See :ref:`calError_t <calError_t-label>` for the description of the return value.

----

.. _cal_comm_destroy-label:

------------------------
:code:`cal_comm_destroy`
------------------------

.. code-block:: cpp
    
    calError_t cal_comm_destroy(
        cal_comm_t comm)


| Releases resources associated with provided communicator handle

.. csv-table::
   :header: "Parameter", "Description"
   :widths: auto

    "comm",        "Communicator handle to release."

See :ref:`calError_t <calError_t-label>` for the description of the return value.

----

.. _cal_stream_sync-label:

-----------------------
:code:`cal_stream_sync`
-----------------------

.. code-block:: cpp
    
    calError_t cal_stream_sync(
        cal_comm_t comm,
        cudaStream_t stream)


| Blocks calling thread until all of the outstanding device operations are finished in `stream`. This includes outstanding communication operations submitted to this stream.

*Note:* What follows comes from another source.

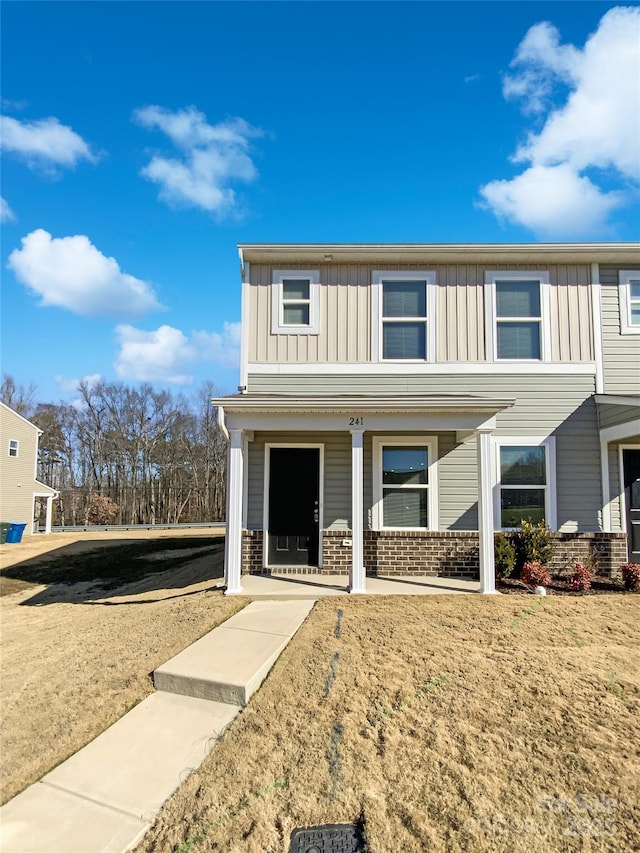 view of property with a front lawn and covered porch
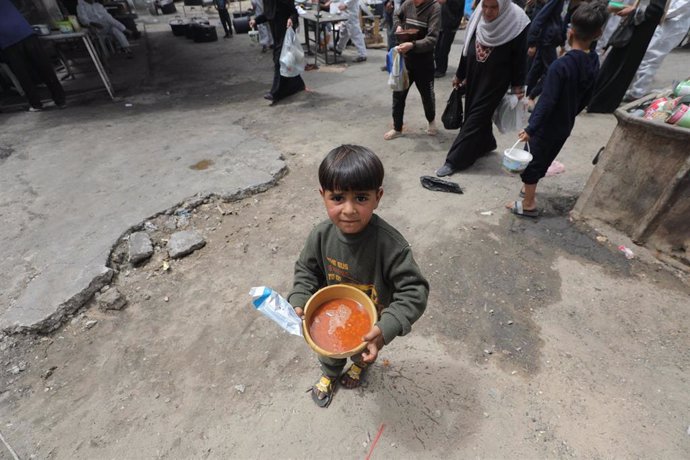 Palestinos, entre ellos un niño, acuden a recoger alimentos en el campamento de refugiados de Nuseirat, situado en el centro de la Franja de Gaza, en medio de la ofensiva militar de Israel (archivo)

Use this function in place of `cudaStreamSynchronize` to progress possible outstanding communication operations.

.. csv-table::
   :header: "Parameter", "Description"
   :widths: auto

    "comm",        "Communicator handle."
    "stream",      "CUDA stream to synchronize."

See :ref:`calError_t <calError_t-label>` for the description of the return value.

----

.. _cal_get_rank-label:

-------------------------
:code:`cal_get_comm_size`
-------------------------

.. code-block:: cpp
    
    calError_t cal_get_comm_size(
        cal_comm_t comm,
        int* size )

| Retrieve number of processing elements in the provided communicator.
 

.. csv-table::
   :header: "Parameter", "Description"
   :widths: auto

    "comm",  "Communicator handle."
    "size",  "Number of processing elements."

See :ref:`calError_t <calError_t-label>` for the description of the return value.

----

.. _cal_get_comm_size-label:

--------------------
:code:`cal_get_rank`
--------------------

.. code-block:: cpp
    
    calError_t cal_get_rank(
        cal_comm_t comm,
        int* rank )

| Retrieve processing element rank assigned to communicator (base-0).
 

.. csv-table::
   :header: "Parameter", "Description"
   :widths: auto

    "comm",  "Communicator handle."
    "rank",  "Rank Id of the caller process."

See :ref:`calError_t <calError_t-label>` for the description of the return value.